Cuando la diosa pronunció el nombre de los tres niños, vi que Jack se agitaba sobre el sofá y todos le observamos abrir los ojos y despertarse. Miró hacia todos lados, extrañado, y se levantó con rapidez.

--Em... hola. ¿Quiénes sois?

Irial y Aldun se miraron y sonrieron, pero dejaron a Victoria expresarse.

--Jack... puede que me tomes por loca, pero lo que te voy a decir es completamente en serio. Ellos son... el dios Aldún y la diosa Irial.

El hombre les miró atónito y desconfiado. Cogió su espada, que estaba envainada en una esquina, y se la tendió al yan.

--Cógela --ordenó--. Cógela y te creeré.

Yo observaba la escena atemorizado, sin intervenir. ¿Cómo podría un mortal, siendo aun el último dragón, dirigirse así al mismísimo Aldún?

--Ah, Domivat. Tu antecesor Sabarat era alguien valiente, pero también suicida --le dijo Aldun a la espada, que brillaba tenuemente con un color rojizo.--. Sal de esta espada y muéstrate ante nosotros.
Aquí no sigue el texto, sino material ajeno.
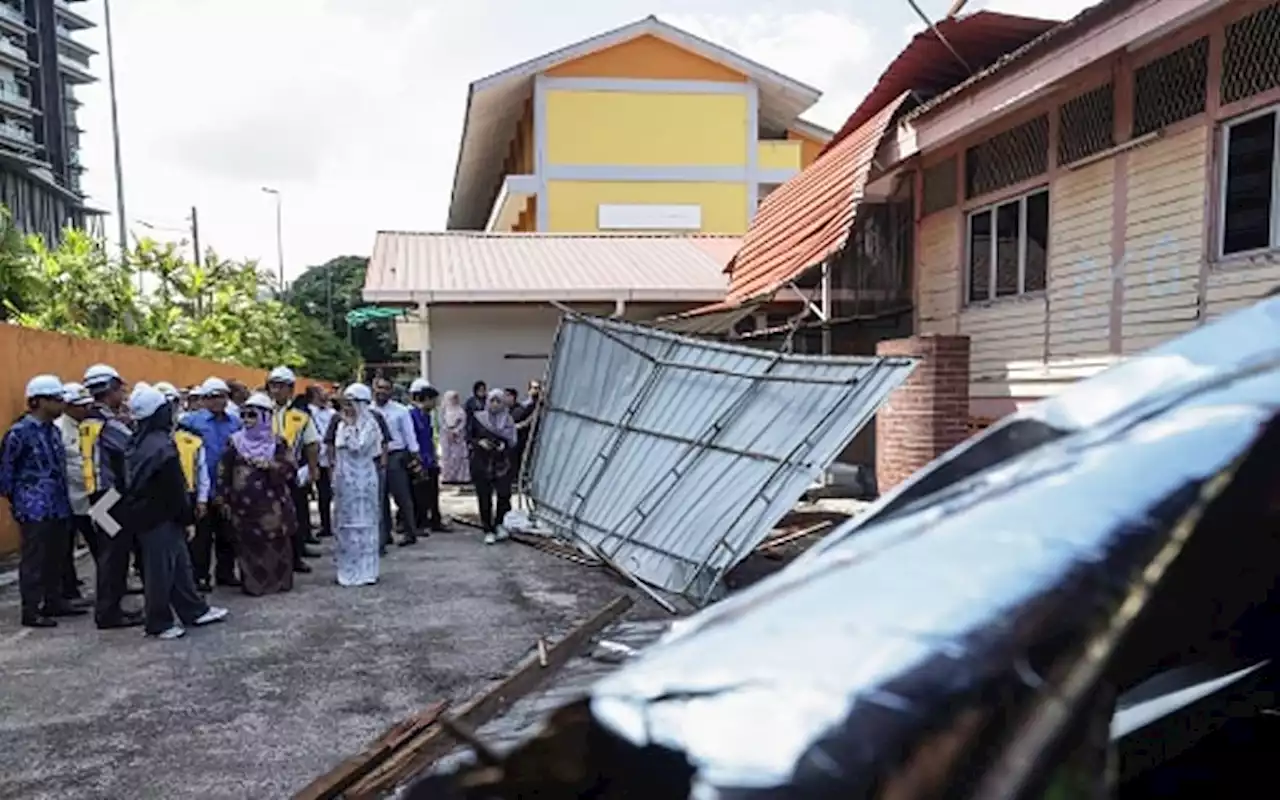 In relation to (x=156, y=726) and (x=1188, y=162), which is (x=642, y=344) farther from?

En ese momento cogió la espada por la empuñadura, apartando las manos de Jack de ella, y deslizó su dedo índice por la hoja hasta la punta. El filo comenzó a brillar mucho más fuerte cuando una llamarada cónica salió del filo y se transformó en un dragón de tres ojos, pero no como el resto, sino más pequeño.

Pensé, entre el bullicio de ideas que reinaba mi mente, que aquel dragón era una figura de Domivat, pero Aldun le había mostrado así porque la habitación donde nos encontrábamos era pequeña para cualquier dragón.

Domivat agachó la cabeza ante Aldun e Irial, siendo observado atónitamente por el resto de personas excepto por Christian, que no había intervenido en ningún momento, y que en ese momento comenzó a actuar.

Desenfundó Haiass inconscientemente y se dirigió lentamente hacia el dragón, dispuesto a matarlo. Comprendí por qué hacía esta acción y realicé el conjuro de las bolas, en el que Christian se quedó encerrado.

Increíble fue mi sorpresa cuando le vi traspasarla sin ningún problema y continuar caminando hacia Domivat, que le esperaba pacientemente. Aldun movió los brazos hacia atrás y, con una siniestra sonrisa, los agitó velozmente hacia Christian.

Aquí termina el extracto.